Cleaning up my tabs
On trying to maintain focus by keeping my browser tabs to a minimum.
I'm starting an experiment. By almost any measure, I'd be considered a power user of browser software. I use some of the edgiest features that are hidden behind feature flags. I know the shortcuts the same way I know all the buttons and levers in my car. And most importantly, I dance across 60 tabs with ease. But just because I can dance across 60 tabs with technical ease, doesn't mean that it doesn't have any impact on my mental space. Because managing mental space is a lot harder than remembering how to jump to that tab you kept your work waiting in.
So the experiment is this:
Can I, keep my tab usage to under 5 tabs for the whole day? With a goal of 1-2 tabs open at max.
There's a small caveat here. I shy away from native apps these days since so many of them use Electron which tends to eat up memory quite heavily. So I have a few long running processes which are always on and I keep in pinned tab. In no particular order they are:
- Slack - For communication at Buffer
- Todoist - Manage my todo lists for the day
- Toggl - Keep track of my time
- Jira - Work related project management
- Calendar - Because I like to timebox my day
The difference in all of these tabs is that I need to reference them at a moment's notice, but I never jump to them as a distraction. It's just more convenient to keep them open.
The problem is with all the other tabs that get opened up. The process will usually go something like this:
"Hmmm time to open dropbox paper. Check on my notes."<opens 3 tabs for 3 separate paper documents>
"Ah I remember. There's that conversation on Discourse I should check too."<opens tab>
"What's this notification? Looks like a conversation I should check on in Discourse."<opens in new tab, goes back to paper>
"Right.. so there's this other paper linked to this one. I should check it."<opens in new tab>
"Ah right. That's a pending github issue."<opens github repo in new tab>
"Oh ok. 2 issues and a PR to look into.

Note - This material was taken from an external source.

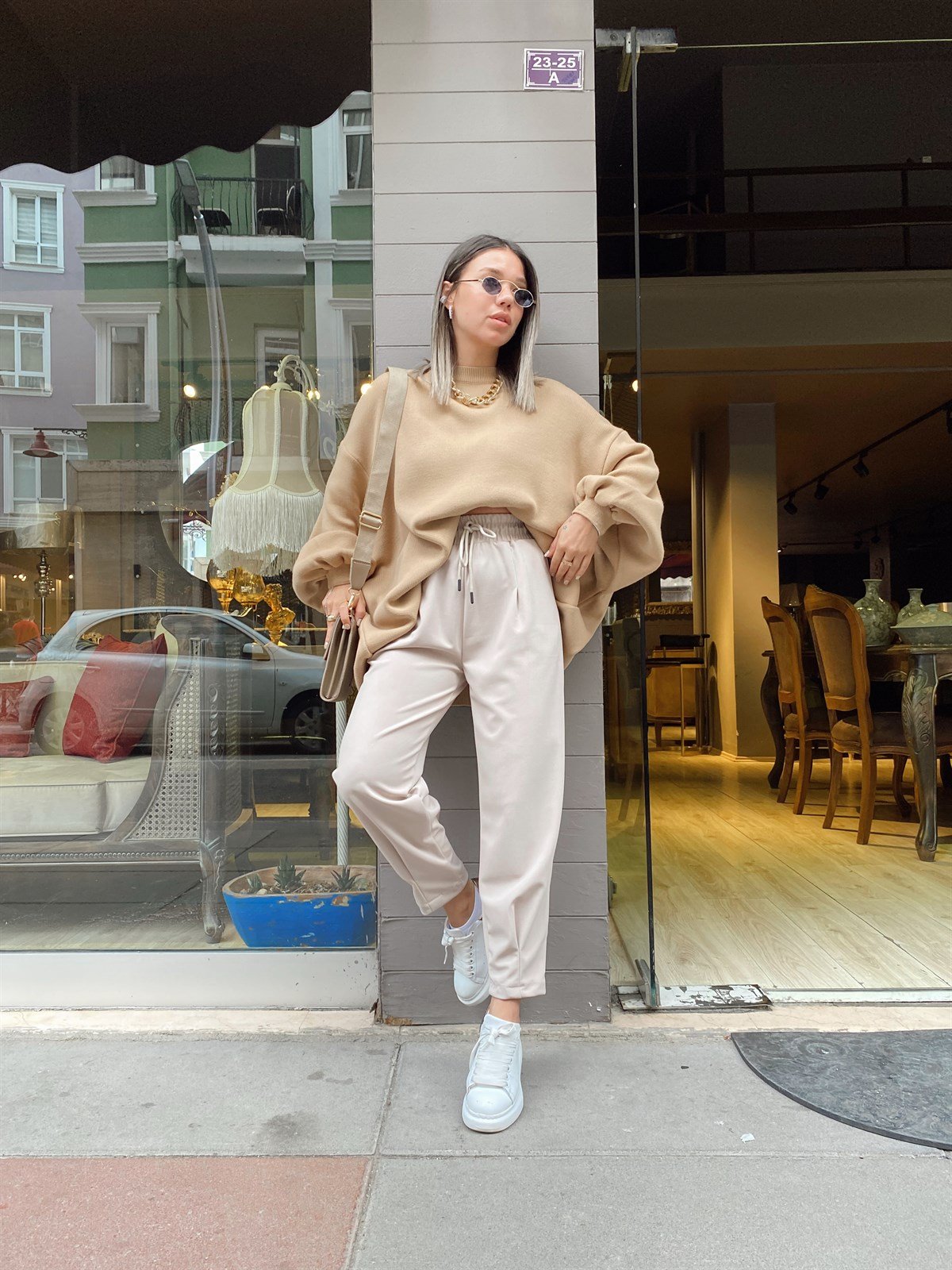 Taş Renk Beli Lastikli Paça Pileli Pantolon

Right."<opens across 3 new tabs>
This goes downhill very quickly. The act of opening new tabs is enabling my self destructive attention deficiency behaviours. The process should follow a streamlined flow where I complete one paper document and make notes of anything I should refer to after I'm done. Otherwise it's like following various branches on a tree to the point where I forget how I even got there.
And once the browser has 50 tabs open, or even 20, you look at it and think
"Well... Now which one should I go to next?"
It was this repeated thought that made me reflect that I need to get my tabs under control. There should never be a choice of what is next. There should only be 1 answer to what's next. That's it.
So the challenge:
- Outside of the essential pinned tabs, I can only have a maximum of 5 tabs open at once
- While I want to have just 1 tab and 1 process going on in my mind at any time, sometimes it is essential to have a second referral tab opened up. Maybe to view an image, maybe to view a preview of a blog post. Maybe 1 tab needs to be kept open for testing. Could be any reason.
- The goal is to go to no more than 1 tab open at once unless absolutely necessary.
- The maximum limit can be broken only in a case of an emergency such as when a server is going down and we need to open several tabs because information is needed from multiple sources at once.
- If a document needs to be referred, I'll do my best to open it in the same tab and go back to the original page I was on, rather than splitting across two tabs.
- Track my usage for a month/two months. Reflect on how much has changed.
- I already had to stop myself from opening multiple tabs and splitting my attention to see if I can find a tool to do this for me. Better to finish this post, and then check rather than get lost down a rabbit hole of searching for a tool and then reading documentation to see how I can build it myself if one doesn't exist.